Like many crossdressers, you chose to keep this aspect of your life a secret from your wife. The reason for doing so is completely understandable. Confusion, embarrassment, the fear of being rejected and everything in-between can act as powerful motivation to keep this a carefully guarded secret.
Regardless of motivation and the seemingly justifiable reasons, intentionally keeping a secret from one’s wife-to-be, presumably out of fear that she may decide to beak up if she knew of it, is not a good move. It’s also not fair to an unknowing partner. The same would be true if a woman kept a deal-breaking secret from her husband-to-be.
All marriages experience troubles
This is still fairly new to your wife. It may be possible that her initial reaction of “I can’t deal with this” and “never being ok with it” is something that will become less a matter of “never” and more “I need to think about this” as time passes. This kind of thing can require some time to fully digest for many people. It is not something that much of the population truly understands, though they may be aware. Even if your wife does comprehend some key aspects, her mind may still be filled with misconceptions and the abundance of popular negative cliches.
Not all marriages are doomed to fail when one party expresses the need to live apart from the other. This can sometimes help put things in perspective by allowing time and privacy to sort things out alone. It can lead to a new beginning and rediscovery of each other. Although it can sometimes be the first step down the road to divorce, try to focus potential positives until there is clear reason not to.
Some women enjoy it, some are indifferent, and others are repulsed
One key factor in determining where things might lead is to figure out why your wife feels the way she does about crossdressing. Some women express an extreme dislike (or even hatred) for crossdressing essentially because of the the negative social stigma attached. They fear what others may think if they find out, and do not want to be ridiculed for having (what they may feel is) anything less than 100% man for a husband.
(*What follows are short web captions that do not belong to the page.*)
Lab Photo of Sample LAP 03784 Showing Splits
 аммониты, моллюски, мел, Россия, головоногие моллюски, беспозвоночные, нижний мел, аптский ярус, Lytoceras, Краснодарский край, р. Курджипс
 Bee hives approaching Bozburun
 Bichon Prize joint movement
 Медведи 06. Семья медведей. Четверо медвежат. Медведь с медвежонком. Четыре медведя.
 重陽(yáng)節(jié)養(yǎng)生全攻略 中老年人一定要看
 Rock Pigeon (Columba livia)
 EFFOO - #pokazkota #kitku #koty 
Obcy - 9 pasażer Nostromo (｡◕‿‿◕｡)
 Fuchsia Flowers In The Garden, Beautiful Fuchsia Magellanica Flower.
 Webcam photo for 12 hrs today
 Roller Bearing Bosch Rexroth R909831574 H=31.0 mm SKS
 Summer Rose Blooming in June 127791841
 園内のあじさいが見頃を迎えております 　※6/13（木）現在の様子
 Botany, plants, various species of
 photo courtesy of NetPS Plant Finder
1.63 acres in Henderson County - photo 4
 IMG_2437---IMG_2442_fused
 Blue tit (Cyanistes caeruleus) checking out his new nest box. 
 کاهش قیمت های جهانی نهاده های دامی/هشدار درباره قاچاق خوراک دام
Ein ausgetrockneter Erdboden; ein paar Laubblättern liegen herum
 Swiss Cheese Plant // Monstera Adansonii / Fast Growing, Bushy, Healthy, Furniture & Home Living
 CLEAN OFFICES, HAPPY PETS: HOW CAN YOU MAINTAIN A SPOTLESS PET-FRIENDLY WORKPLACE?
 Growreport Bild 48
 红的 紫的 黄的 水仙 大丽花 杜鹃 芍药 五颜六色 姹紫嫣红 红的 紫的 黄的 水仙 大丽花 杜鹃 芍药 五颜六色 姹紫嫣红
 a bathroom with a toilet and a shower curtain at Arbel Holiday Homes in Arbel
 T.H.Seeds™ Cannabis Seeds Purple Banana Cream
If her “never accepting” your crossdressing is based on her fear of what others may think, more than anything else, that may be a good thing. Her fears might be put at ease over time, leaving the possibility for acceptance.
Even if your wife never fully warms up to the idea of you being a crossdresser, she may eventually be ok with things to some extent so long as you keep it private and out of her sight and mind. I know of several crossdressers who’s wives are aware of, but do not participate in their crossdressing activities at all. They each enjoy a happy marriage by agreeing that crossdressing is kept separate from and does not involve their wives. Not all married couples share all of their personal time together, nor personal activities of interest. In that regard, this is no different. While it may not be an optimal situation, it can be manageable and the marriage can go on with love, understanding, and happiness intact.
Some women are just plain repulsed by the idea of any femininity in their man, and there’s nothing wrong with that. It has little to do with social taboos and fear of what others think, and everything to do with their personal preference in men. Everyone is allowed their preferences. The very thought of a man being feminine may be a complete and absolute turn off, sexually and beyond. There is little that can be done to change what people’s personal preferences are, nor should one try to.
It is understandable to not want one’s children growing up in a broken home. This particular concern is a good point to bring up with your wife. Is she willing to set aside her dislike of your feminine side and consider the needs of your kids first? This point should not be used to twist anyone’s arm, but is valid discussion material when the possibility of not being able to live together has been communicated. The discussion should be centered around what is best for the children. They are not possessions or bargaining chips to manipulate emotions with, but rather young people who’s future is at stake.
If this cannot be resolved in the initial conversation, agree (to each other) to sleep on it, even if it be in separate rooms for now. While your wife is taking the time to consider the effect of a broken home on your children, she may also cool down to some extent about your crossdressing. How she feels in the end is greatly dependent on whether her dislike of it is rooted in the negative social stigma, or the fact that she simply is not romantically interested in a man with a feminine side, period. The latter, of course, carries with it heavier complications.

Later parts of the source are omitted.